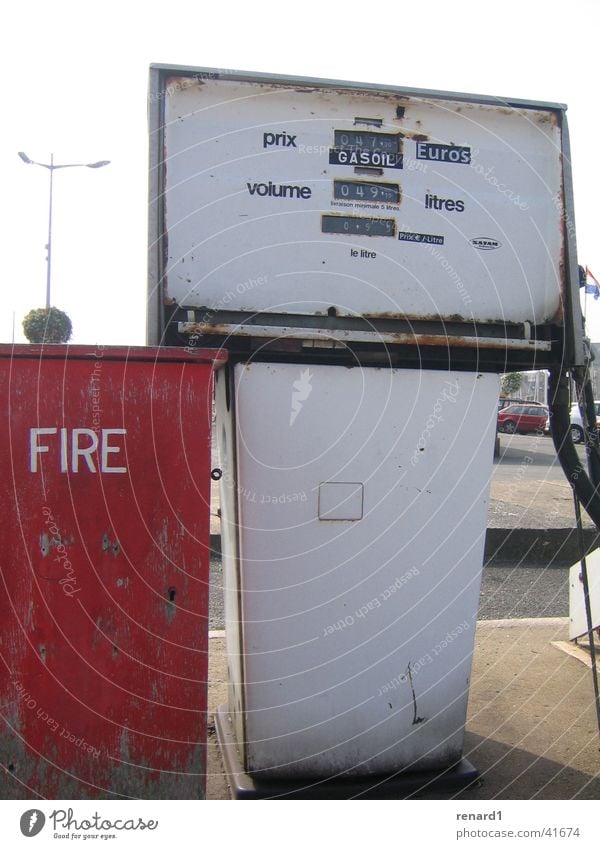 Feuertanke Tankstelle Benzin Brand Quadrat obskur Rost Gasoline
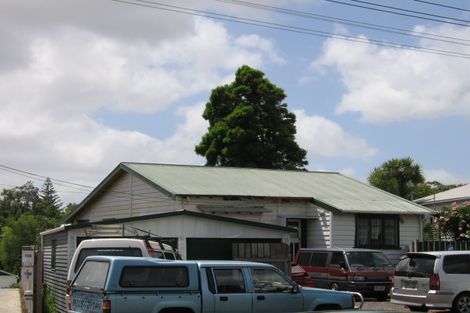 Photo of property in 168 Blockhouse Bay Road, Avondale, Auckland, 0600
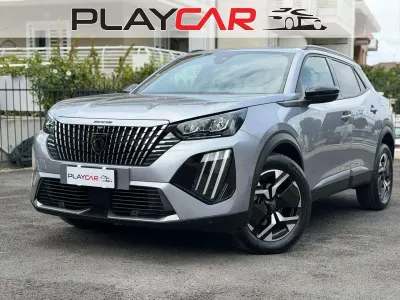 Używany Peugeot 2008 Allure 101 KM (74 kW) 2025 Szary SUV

→ PROBLEM REQUIREMENTS: Reproduce the preceding material exactly, skipping pictures.

→ RESULT:
 Feuertanke Tankstelle Benzin Brand Quadrat obskur Rost Gasoline
 Photo of property in 168 Blockhouse Bay Road, Avondale, Auckland, 0600
 Używany Peugeot 2008 Allure 101 KM (74 kW) 2025 Szary SUV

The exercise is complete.